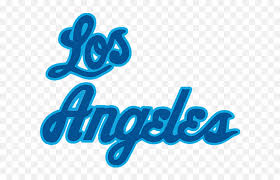 Each la lakers logo has a story and toyota of downtown la is taking a look at each one. Los Angeles Lakers Clipart Old Blue Lakers Logo Png Lakers Logo Png Free Transparent Png Images Pngaaa Com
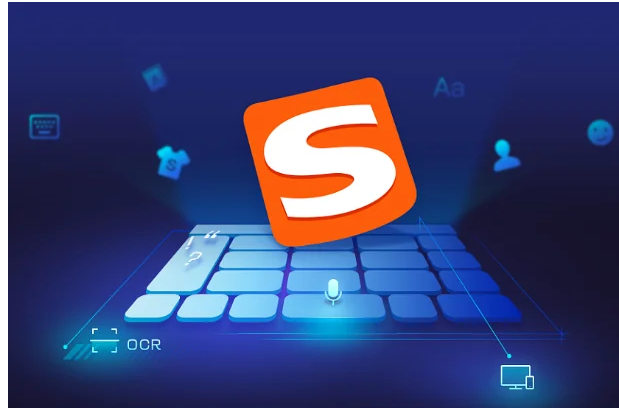 搜狗输入法恢复默认设置怎么操作 搜狗输入法恢复默认设置怎么操作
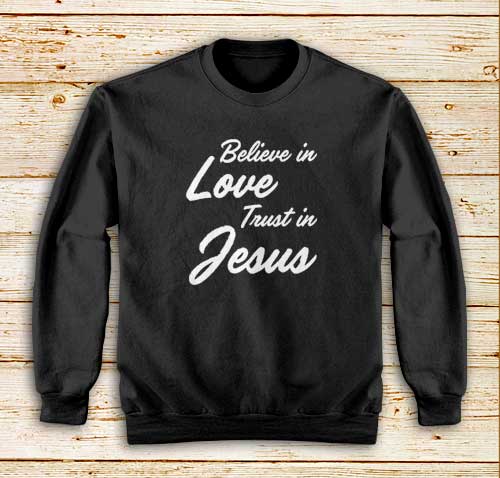 Trust-In-Jesus-Black-Sweatshirt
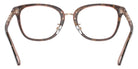 MICHAEL KORS MK4099 Innsbruck 3251 52 - Pink Tortoise #id:mk40993251_s:100115
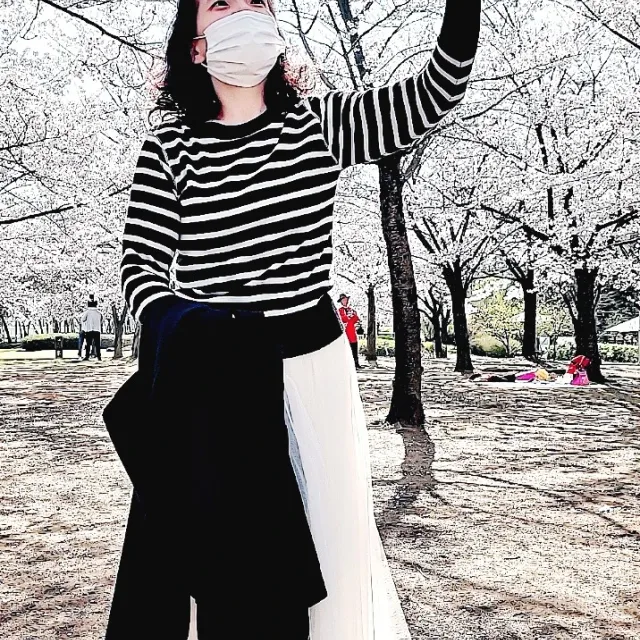 현성지성맘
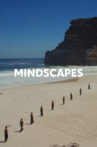 Mindscapes Movie Streaming Online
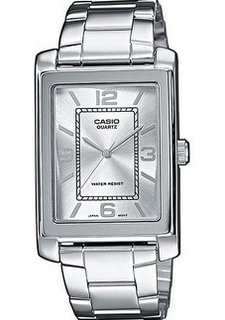 Casio MTP-1234D-7A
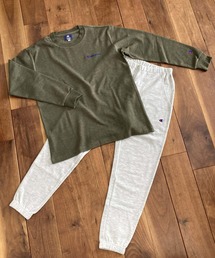 Gunze グンゼ メンズ のルームウェア パジャマ通販 Zozotown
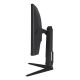 12. ASUS TUF Gaming VG34WQML5A monitor komputerowy 86,4 cm (34") 3440 x 1440 px UltraWide Quad HD LED Czarny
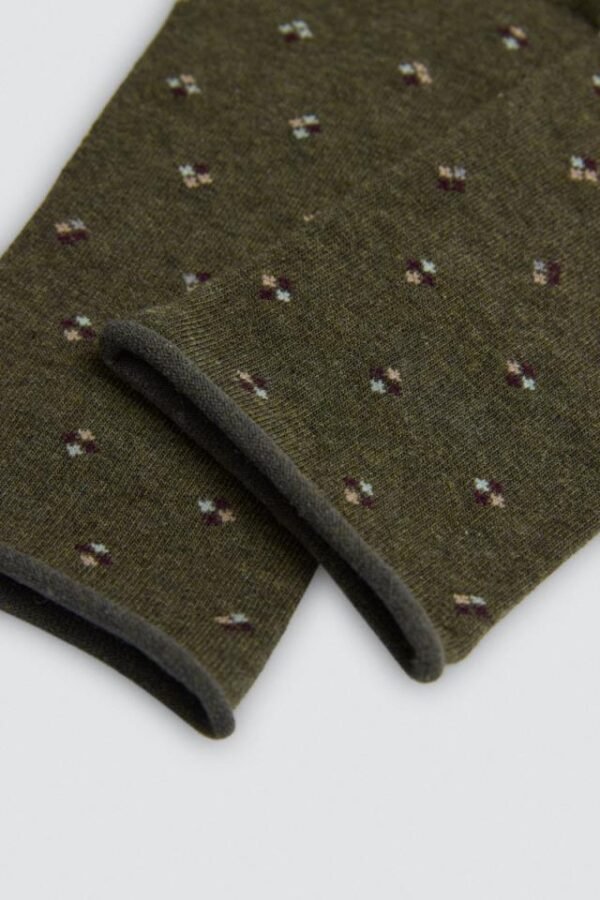 Mitjó home sense puny 22943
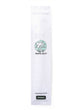 Tropic Best - Rosemary Incense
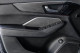 2024 Acura MDX - Thumbnail 12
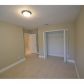 17123 SW 149 PL, Miami, FL 33187 ID:921696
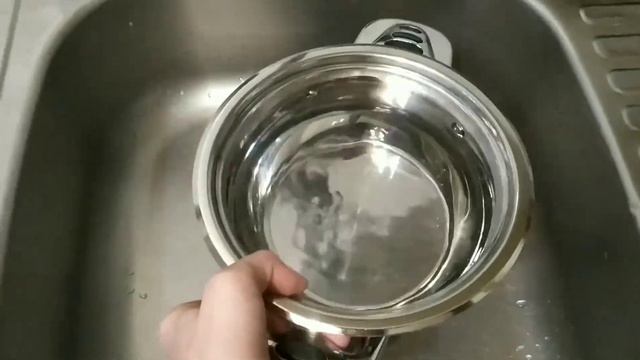 как закипятить воду! кипятим воду дома! кипящай вода! смотреть онлайн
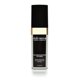 thumbnail image 1 of Crema para ojos Bella Terra Advanced Radiance | Hidratante diario para ojos | Reducir Arrugas y Ojeras | Tratamiento de renovación de la piel de acción rápida (1 fl. oz / 30ml), 1 of 1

------

Required action :: Could you copy every record above exactly, leaving out the pictures?

Answer space ::
 Each la lakers logo has a story and toyota of downtown la is taking a look at each one. Los Angeles Lakers Clipart Old Blue Lakers Logo Png Lakers Logo Png Free Transparent Png Images Pngaaa Com
 搜狗输入法恢复默认设置怎么操作 搜狗输入法恢复默认设置怎么操作
 Trust-In-Jesus-Black-Sweatshirt
 MICHAEL KORS MK4099 Innsbruck 3251 52 - Pink Tortoise #id:mk40993251_s:100115
 현성지성맘
 Mindscapes Movie Streaming Online
 Casio MTP-1234D-7A
 Gunze グンゼ メンズ のルームウェア パジャマ通販 Zozotown
 12. ASUS TUF Gaming VG34WQML5A monitor komputerowy 86,4 cm (34") 3440 x 1440 px UltraWide Quad HD LED Czarny
 Mitjó home sense puny 22943
 Tropic Best - Rosemary Incense
 2024 Acura MDX - Thumbnail 12
 17123 SW 149 PL, Miami, FL 33187 ID:921696
 как закипятить воду! кипятим воду дома! кипящай вода! смотреть онлайн
 thumbnail image 1 of Crema para ojos Bella Terra Advanced Radiance | Hidratante diario para ojos | Reducir Arrugas y Ojeras | Tratamiento de renovación de la piel de acción rápida (1 fl. oz / 30ml), 1 of 1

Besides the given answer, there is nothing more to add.